2017-06-12 Thread Bin Cheng

Hi,
I was asked by upstream to split the loop distribution patch into small ones.
It is hard because data structure and algorithm are closely coupled together.
Anyway, this is the patch series with smaller patches.  Basically I tried to
separate data structure and bug-fix changes apart with one as the main patch.
Note I only made necessary code refactoring in order to separate patch, apart
from that, there is no change against the last version.

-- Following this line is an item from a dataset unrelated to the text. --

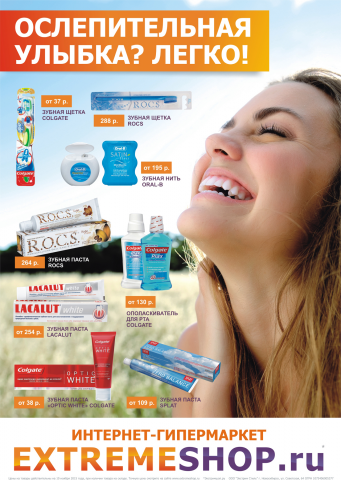 Плакат/листовка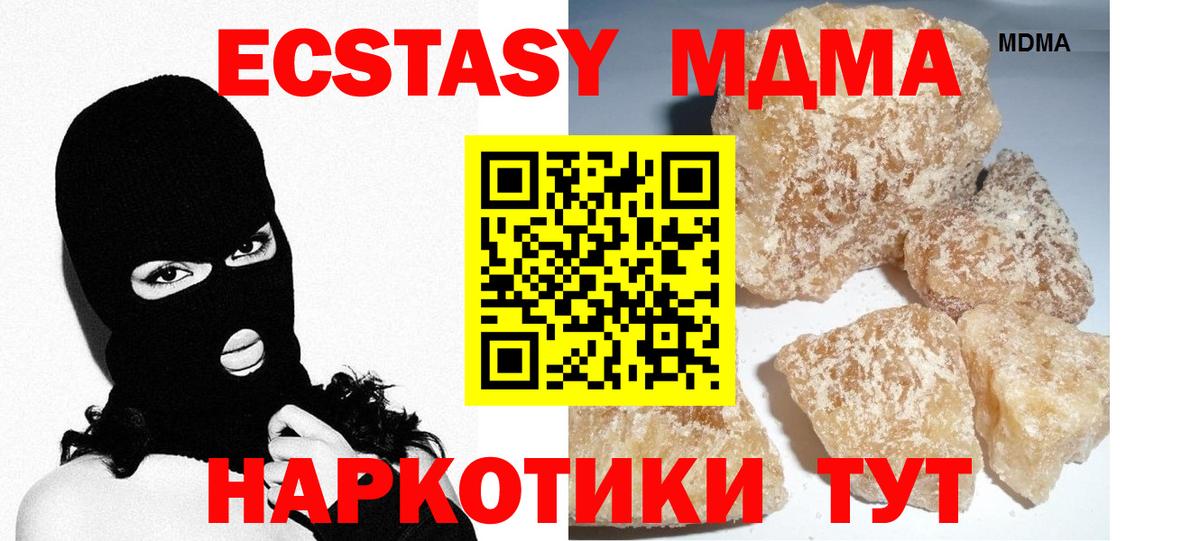 Меф Шатура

This is the first patch introducing new internal function IFN_LOOP_DIST_ALIAS.
GCC will distribute loops under condition of this function call.

Bootstrap and test on x86_64 and AArch64.  Is it OK?

Thanks,
bin
2017-06-07  Bin Cheng  <bin.ch...@arm.com>

* cfgloop.h (struct loop): New field ldist_alias_id.
* cfgloopmanip.c (lv_adjust_loop_entry_edge): Comment change.
* internal-fn.c (expand_LOOP_DIST_ALIAS): New function.
* internal-fn.def (LOOP_DIST_ALIAS): New.
* tree-vectorizer.c (vect_loop_dist_alias_call): New function.
(fold_loop_dist_alias_call): New function.
(vectorize_loops): Fold IFN_LOOP_DIST_ALIAS call depending on
successful vectorization or not.From 3598491598e0b425f1cfa4b7bb4c180886a08bef Mon Sep 17 00:00:00 2001
From: Bin Cheng <binch...@e108451-lin.cambridge.arm.com>
Date: Wed, 7 Jun 2017 13:04:03 +0100
Subject: [PATCH 01/14] ifn_loop_dist_alias-20170607.txt

---
 gcc/cfgloop.h |  9 +++
 gcc/cfgloopmanip.c|  3 ++-
 gcc/internal-fn.c |  8 ++
 gcc/internal-fn.def   |  1 +
 gcc/tree-vectorizer.c | 75 ++-
 5 files changed, 94 insertions(+), 2 deletions(-)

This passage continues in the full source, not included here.